YOUR ASSIGNMENT ▸ Retype exactly the lines from the one containing "Heirol Cerasafe Pro Steelpan 14 Cm 1,5 L 5" through the last line of the records below, including both, and leave out any pictures.

[Captioned web image data]
----

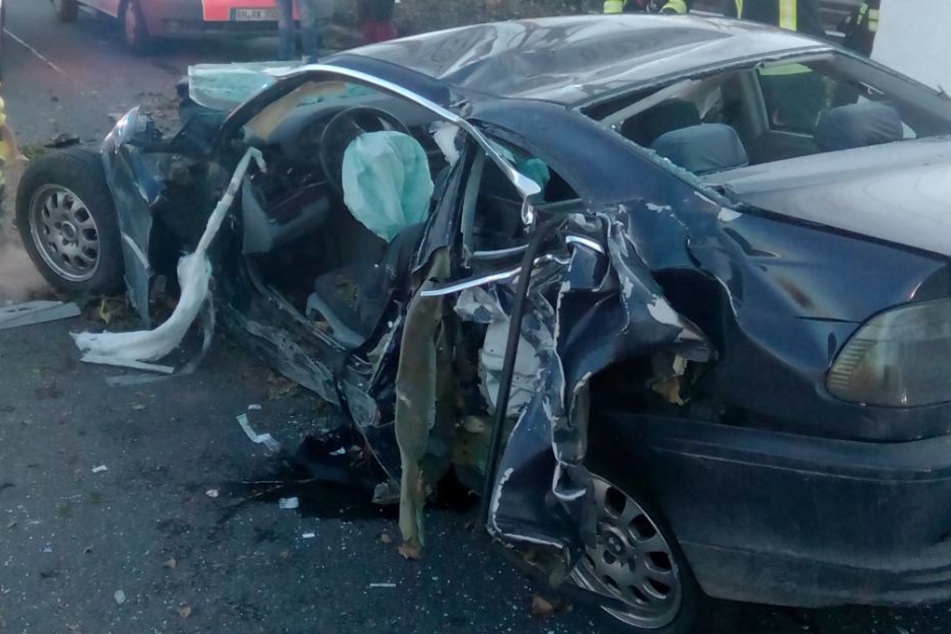 Der Fahrer musste von der Feuerwehr aus dem Autowrack befreit werden.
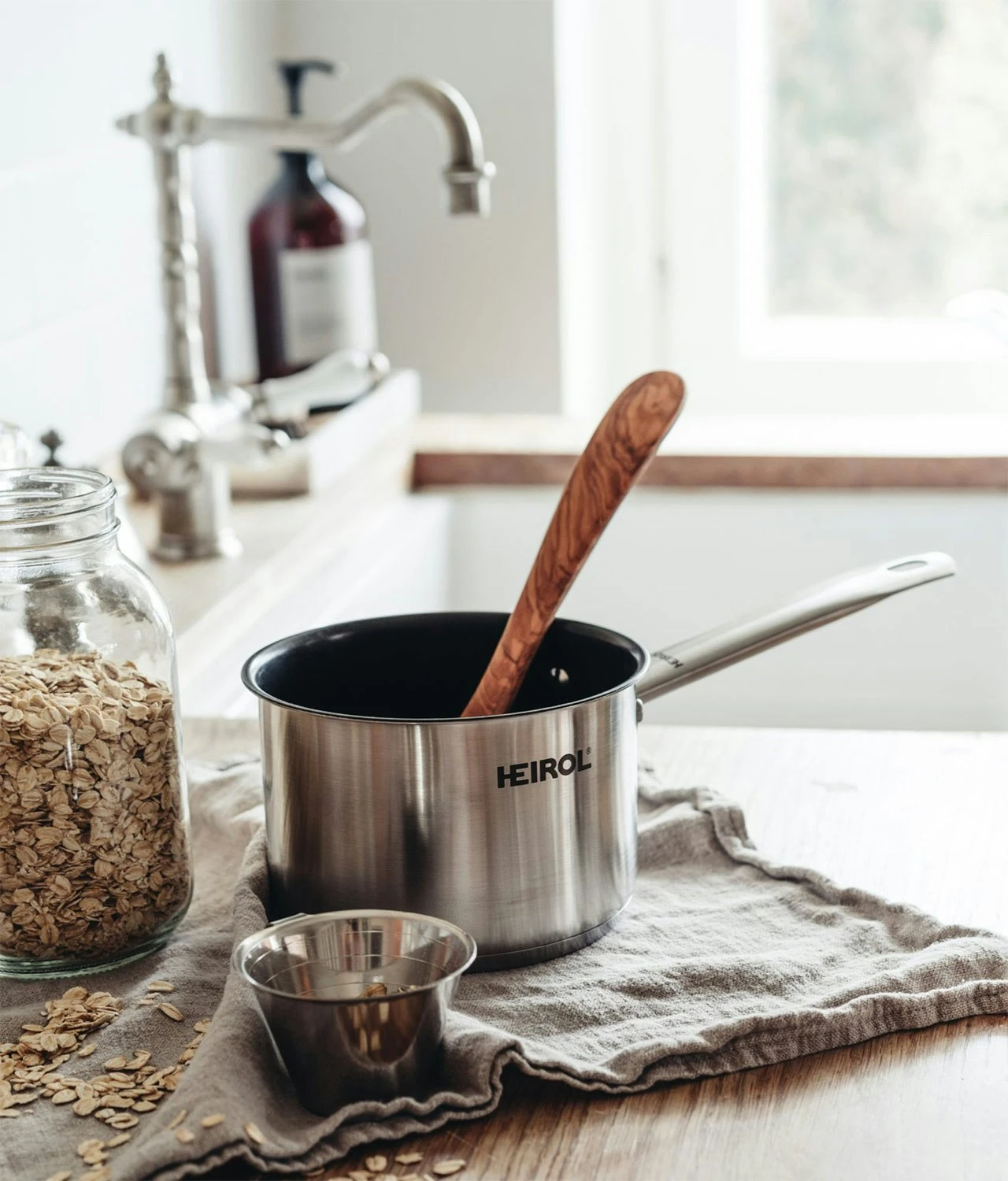 Heirol Cerasafe Pro Steelpan 14 Cm 1,5 L 5 Heirol Cerasafe Pro Steelpan 14 Cm 1,5 L - Afbeelding 3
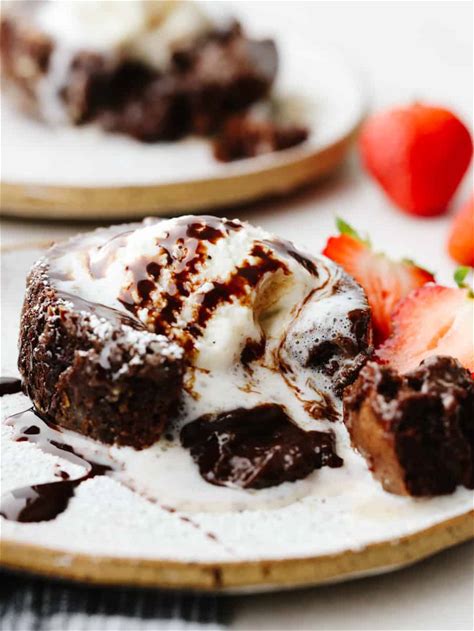 melt-in-your-mouth-chocolate-lava-cake image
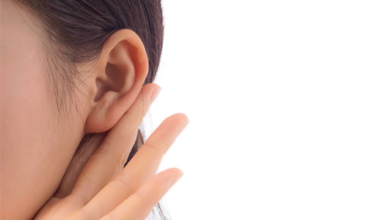 علامات تظهر على الأذن تنذر بمخاطر صحية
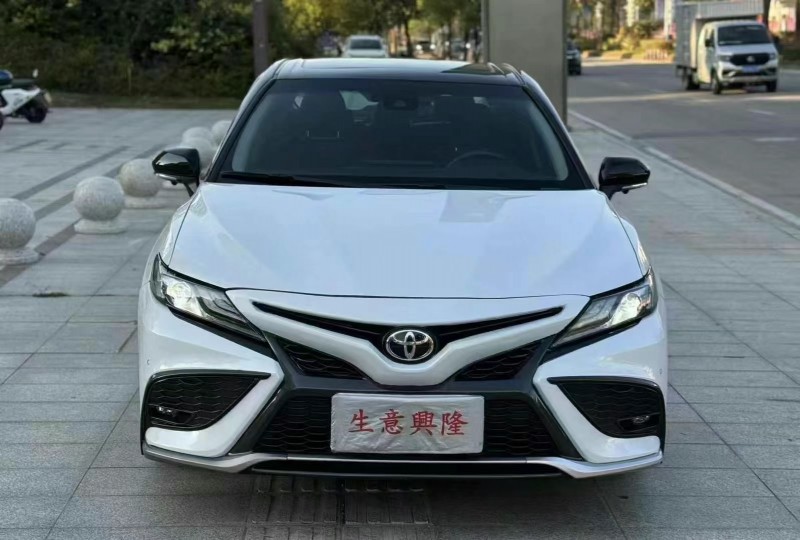 广州22年丰田凯美瑞1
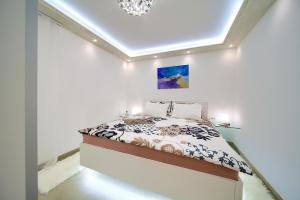 ein Schlafzimmer mit einem Bett in einem weißen Zimmer in der Unterkunft Casa Aurelia - Mali Tone in Krk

----

REPLY ▸
 Heirol Cerasafe Pro Steelpan 14 Cm 1,5 L 5 Heirol Cerasafe Pro Steelpan 14 Cm 1,5 L - Afbeelding 3
 melt-in-your-mouth-chocolate-lava-cake image
 علامات تظهر على الأذن تنذر بمخاطر صحية
 广州22年丰田凯美瑞1
 ein Schlafzimmer mit einem Bett in einem weißen Zimmer in der Unterkunft Casa Aurelia - Mali Tone in Krk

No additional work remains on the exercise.